映画『名付けようのない踊り』より ©2021「名付けようのない踊り」製作委員会

──それを感じられているから、常に踊り、また違う誰かとの間に生まれる踊りも意識されて一期一会がどんどん生まれるのですね。

 そうですね。文字通りの一期一会です。それを言葉の意味以上にするのは、本当にその後の時間、その人がどうその言葉を意識し、あるいは、その人の体の中にその言葉が入っていくかということですね。いま、言葉でどんな風に人と接していても、行動となったときにとんでもないようなことやっているような人が多いじゃないですか。それから、相手が変わると言葉も変わってしまうこともあるし、自意識の使い方も相手次第になってしまったりする。これって本当に辛いですよね。いま、世界中が多分言葉と体のある種の契約を破棄しようとしているわけですよ。

──いまの世界において、体を認識する重要性をどのように人に伝えられると考えていますか。

 いや、多分、伝わらなくなるんじゃないかなと思います。名前も、その人の体と離れてしまっているでしょ。人の名前が体なしで歩き出しちゃっていると言えなくもない。体というのは一体どこまで体でいられるのか、体が勝手に生きているわけじゃないはずなので。どうも人間は、体は体で生きられるって思っているんですよね。結局、これまでにも世紀末に必ず湧き起こってきた身体と肉体と言語というテーマが、この21世紀ではなくなるんじゃないかなという気がするんです。

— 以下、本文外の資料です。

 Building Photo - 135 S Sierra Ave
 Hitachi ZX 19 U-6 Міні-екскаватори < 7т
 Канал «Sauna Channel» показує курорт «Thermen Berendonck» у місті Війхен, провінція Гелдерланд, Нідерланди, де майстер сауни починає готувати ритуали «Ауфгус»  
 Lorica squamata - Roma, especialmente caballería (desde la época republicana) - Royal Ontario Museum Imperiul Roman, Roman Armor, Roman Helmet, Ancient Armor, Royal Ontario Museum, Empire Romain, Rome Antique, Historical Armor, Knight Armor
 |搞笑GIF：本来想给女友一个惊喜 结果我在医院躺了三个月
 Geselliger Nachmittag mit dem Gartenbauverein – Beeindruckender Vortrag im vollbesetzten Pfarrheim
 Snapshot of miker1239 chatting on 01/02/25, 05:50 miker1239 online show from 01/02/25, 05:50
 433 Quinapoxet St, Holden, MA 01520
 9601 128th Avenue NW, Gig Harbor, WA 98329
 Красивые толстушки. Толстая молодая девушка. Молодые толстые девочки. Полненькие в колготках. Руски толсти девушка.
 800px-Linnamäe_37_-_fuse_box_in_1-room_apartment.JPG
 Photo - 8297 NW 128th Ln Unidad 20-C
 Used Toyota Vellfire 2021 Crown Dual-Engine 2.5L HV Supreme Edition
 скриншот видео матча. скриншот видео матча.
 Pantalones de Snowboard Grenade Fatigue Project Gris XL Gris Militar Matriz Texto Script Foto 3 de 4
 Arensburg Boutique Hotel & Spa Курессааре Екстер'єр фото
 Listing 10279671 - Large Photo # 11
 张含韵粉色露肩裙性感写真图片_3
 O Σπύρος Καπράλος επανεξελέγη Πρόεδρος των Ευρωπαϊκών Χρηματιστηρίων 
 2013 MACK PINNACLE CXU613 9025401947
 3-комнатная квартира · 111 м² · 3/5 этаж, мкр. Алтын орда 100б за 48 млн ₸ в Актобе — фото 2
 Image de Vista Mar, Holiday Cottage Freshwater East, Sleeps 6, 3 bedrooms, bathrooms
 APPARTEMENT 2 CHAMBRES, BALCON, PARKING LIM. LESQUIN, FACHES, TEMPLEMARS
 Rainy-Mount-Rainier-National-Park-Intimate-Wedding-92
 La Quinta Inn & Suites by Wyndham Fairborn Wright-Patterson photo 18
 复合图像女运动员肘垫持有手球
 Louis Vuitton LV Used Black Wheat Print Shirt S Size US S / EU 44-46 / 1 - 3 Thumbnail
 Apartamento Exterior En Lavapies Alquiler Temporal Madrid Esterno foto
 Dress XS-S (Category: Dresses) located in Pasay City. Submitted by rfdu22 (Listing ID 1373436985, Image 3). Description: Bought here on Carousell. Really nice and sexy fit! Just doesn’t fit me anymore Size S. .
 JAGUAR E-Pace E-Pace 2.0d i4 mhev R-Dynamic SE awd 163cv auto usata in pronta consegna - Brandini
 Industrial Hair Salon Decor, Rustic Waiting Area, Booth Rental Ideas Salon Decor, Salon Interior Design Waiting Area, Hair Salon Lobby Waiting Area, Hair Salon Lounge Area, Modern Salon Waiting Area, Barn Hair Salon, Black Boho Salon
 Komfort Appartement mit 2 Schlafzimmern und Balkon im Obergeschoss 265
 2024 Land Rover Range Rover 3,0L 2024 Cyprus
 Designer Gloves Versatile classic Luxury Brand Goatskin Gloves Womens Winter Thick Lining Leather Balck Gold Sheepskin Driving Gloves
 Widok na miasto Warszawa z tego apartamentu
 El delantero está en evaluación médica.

 いま、身体論はほとんど消えかかっていますが、身体論の代わりに、改めて自然と自分との関係をメジャーしないといけないですよね。私たちが生まれてきた自然と、ひとりひとりの体との間にどういうディスタンスが生まれているか。それは人間同士のコミュニケーションに絶対に影響しているはずです。自然を受容した体を人間は本来持っているはずなので、自然との距離感を個人が改めて持つべきだと思うんです。人間同士の間に自然の風が吹くというのをおそらく、僕たちは怠ってきちゃっているんですよね。

──泯さんの体を通して、自然の声が発されるのでしょうか。

 おそらく僕の表現の多くは、受容体である僕を使って自然が声を発しているというふうに考えられなくもないですね。僕がメッセージを送っているんじゃなくて、僕の体にやってきた自然がメッセージを送ってくれているはずで、僕はそういう風に望んでいるんです。僕が踊ることで、僕から匂ったり、僕からバイブレートしていったりするものがあるんじゃないかな。それが向こうの、見る観客とのディスタンスとしての自然と、どう融合していくのかということだと思うんですよ。